Monday, April 17, 2017

Colossal (2016)


I think most of my readers have surmised that I take giant monsters very seriously. This is not to say that I can't laugh at them--far from it--but I tend to distrust non-fans who laugh at giant monsters.

After all, they tend to laugh at them for the wrong reasons.

For starters, let's put aside the outright racism of telling someone I love Godzilla, only for them to put on their best Mickey Rooney accent and say, "Run, it's Go-Zira!" (To paraphrase the 1998 film, "It's Gojira, you morons!") As I've opined in the past, most folks immediately react to the mention of Godzilla by mocking the "cheap" special effects and bad dubbing, which is just plain lazy. Not only does everyone make that joke, but that leaves so much more material to be mined.

And no, I don't mean the racism that people usually go for instead.

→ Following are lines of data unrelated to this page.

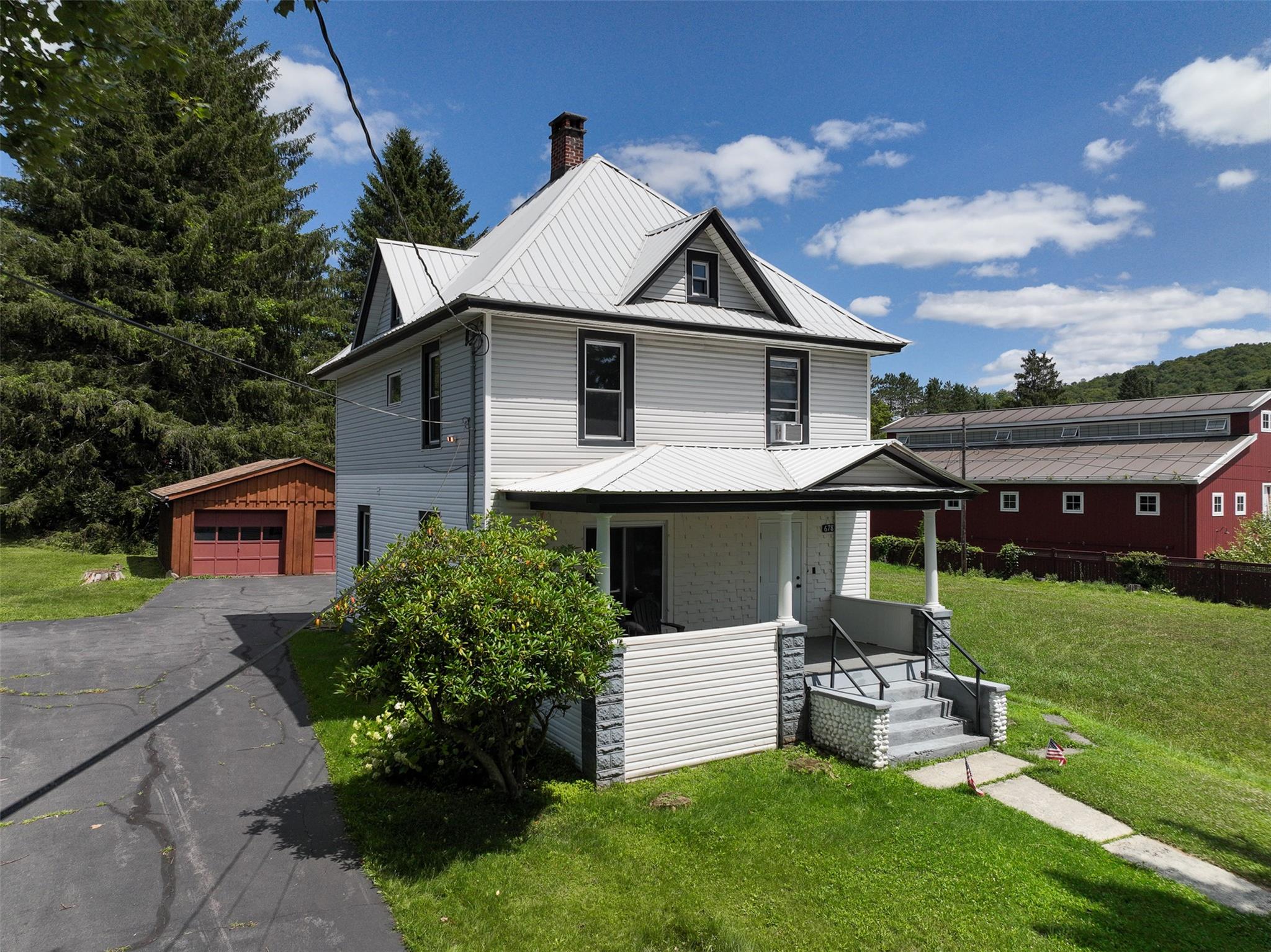 View of front of property with covered porch, a garage, a front lawn, and an outdoor structure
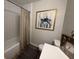Bathroom with a white tub and tiled wall plus decor, offering a refreshing and stylish space at 109 Ashdown Dr, Summerville, SC 29483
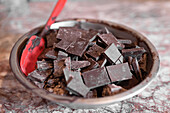 Nahaufnahme einer Edelstahlschüssel, gefüllt mit Stücken dunkler Schokolade und einem Spatel vor dem Temperieren auf einer Marmorplatte
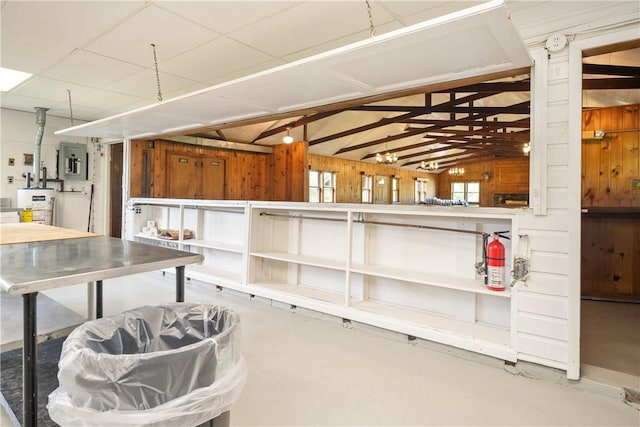 interior space featuring wooden walls and electric panel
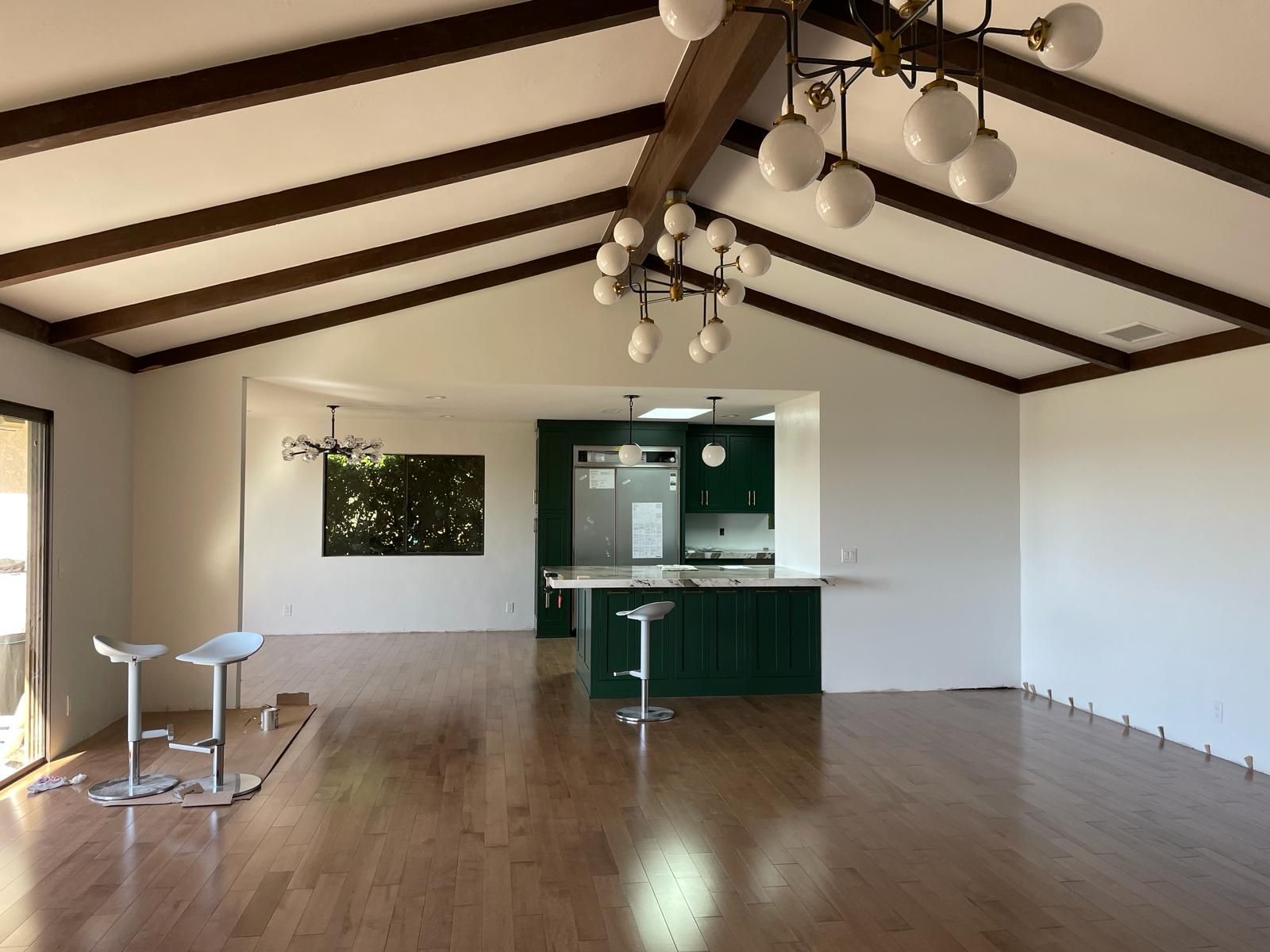 Empty living room with green kitchen, wood floors, exposed beams, and modern chandeliers.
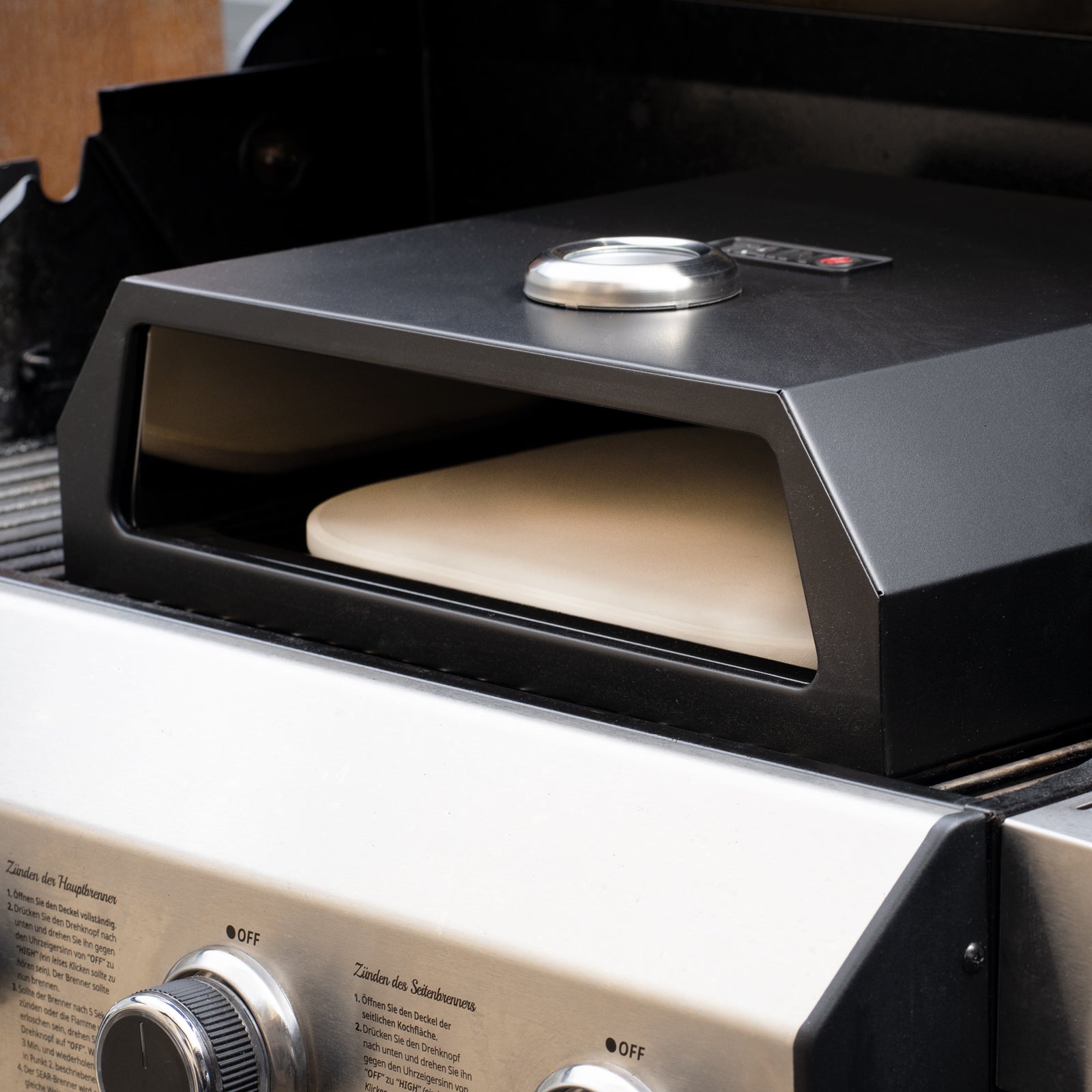schwarze TAINO Pizzabox mit Pizzastein steht auf Gasgrill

At any rate, mocking Godzilla films for being cheap because they use a guy in a rubber suit--something that has never caused anyone to mock the Alien or Predator franchises--is a great way to get on my bad side. So you can imagine my great annoyance when director Nacho Vigalondo, best known for Timecrimes, announced in 2015 that he was going to make a kaiju movie and, in his own words:
"It's going to be the cheapest Godzilla movie ever, I promise. It’s going to be a serious Godzilla movie but I’ve got an idea that’s going to make it so cheap that you will feel betrayed.”
Yes, you read that right: he called it the cheapest Godzilla movie.

You might think Vigalondo was merely using a brand name in place of an object, like saying "Kleenex" when you mean "tissue." However, that is not the case. For when it came time to shop the movie around at Cannes, with Anne Hathaway already attached, it was being sold by literally claiming Godzilla was in it! Right down to using official images from the 2014 film in press releases and, even more shamelessly, displaying a poster that featured Godzilla and Mazinger Z facing off in Tokyo!

"Damn, that's ballsy." --The Asylum
I'm sure you're shocked that Toho sued. Even though I had found the film's premise intriguing, this entire boondoggle soured me on the enterprise since it seemed like an elaborate publicity stunt with no genuine sentiment behind it.

So imagine my surprise when the film was actually completed and started getting positive buzz at the festivals. Alas, that was largely where the buzz stayed because the film did not have a wide release scheduled--not even near me, in Chicago!

Luckily, however, it finally crept into a local theater and I was able to see it. Finally, I could see if I was right to be distrustful of a cynical publicity stunt or if the positive reviews were right on the money.

We open in Seoul, South Korea about 25 years ago. A young girl and her mother are searching a park for the girl's doll when lightning comes down from the sky in a strange arc. Even stranger, this is followed by the shadowy outline of a giant horned beast standing among the nearby buildings. The girl screams in terror...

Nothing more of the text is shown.